Mollie Shepardson and Mollie Shepardson

When a student has a large assignment, such as a term paper, the task seems daunting and much work goes into achieving a good grade. Fortunately for a regular student, their only criticism is usually in the form of a letter grade from their professor. If, however, you are a part of a stage production in college, your critics make up the entire audience, along with your professor and peers.

At City College, such a production has been under way for some time. Students have put long hours towards the production of “Pippin,” often practicing in the evenings for three straight hours. Much like a term paper, variety is required in order to present the final product.

Such productions are geared less towards audience amusement and more towards student development.
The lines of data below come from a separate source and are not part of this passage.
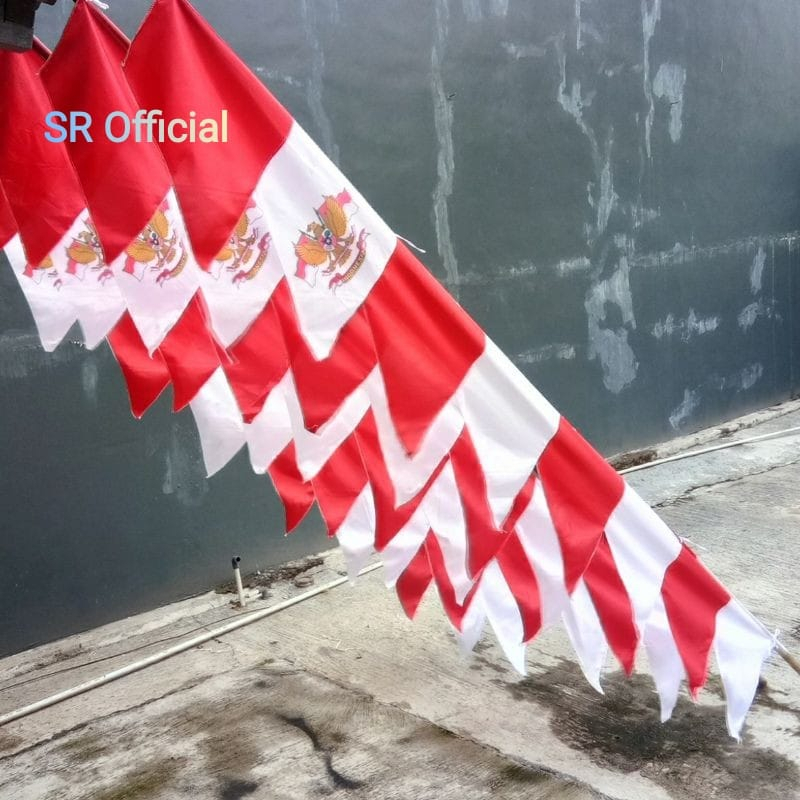 Jual Bendera Umbul Umbul Motif Gergaji Bendera Indonesia Umbul Umbul Merah Putih Garuda Terlaris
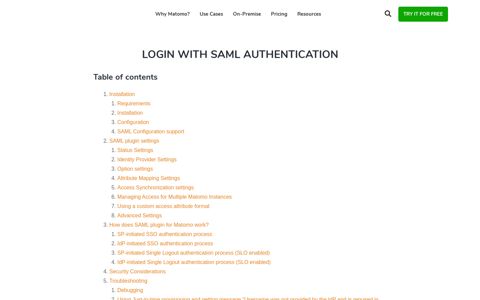 Login with SAML Authentication User Guide - Analytics Platform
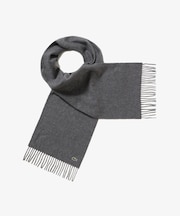 ホワイトカシミヤマフラー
Sure, the students want to impress their critics, but as the Lead Player in “Pippin,” Trevor Peringer put it for most, “this is just the very beginning.”

Peringer, an alumnus of City College, was once a regular performer in college productions before graduating and moving on to professional acting. Peringer was contacted by Director June Richards to play the role of Lead Player, which gave him the opportunity to watch new students “grow into their performing.”

Although each production requires a great amount of guidance from professors and staff, the plays would not be educational springboards without the drive of the students. Teresa Elliott, a freshman at City College, plays a dancer/singer in “Pippin.”

Elliott is a testament to believing in oneself and persevering through fright.

Elliot has never tried out for a play before this year and almost walked out of her first audition for a play earlier this school year.

“It’s hard to break in and be successful (professionally)” said Elliott. So for now, she performs as a hobby. In Elliott’s opinion, “Pippin” [gave] more room to grow, because less [was] expected” of the actors. In this play, the actors were given more room to create their own dialogue and fill in for forgotten lines.

However, there is more to a play production than just the actors. Sylvia Sanchez and Earl Alfred Paus were two of the makeup artists for “Pippin.” Unlike the actors, makeup artists are actually doing class work for the play and are able to use their skills at one production per semester.

In the beginning of the class, the students are taught through lecture by their professor, but are later given the chance for hands on work in the productions.

“It’s really good practice, but overwhelming at first” Paus said. “We start off by putting the makeup on ourselves, and then on the actors” in order to generate design ideas, added Sanchez.

For the students involved, Pippin had been a building block, whether it is for career growth or simply personal enjoyment. They all lead varying lives, and have different goals in mind, but were united under one project. If one thing is learned from the process, it is to take a chance on yourself and give it your best.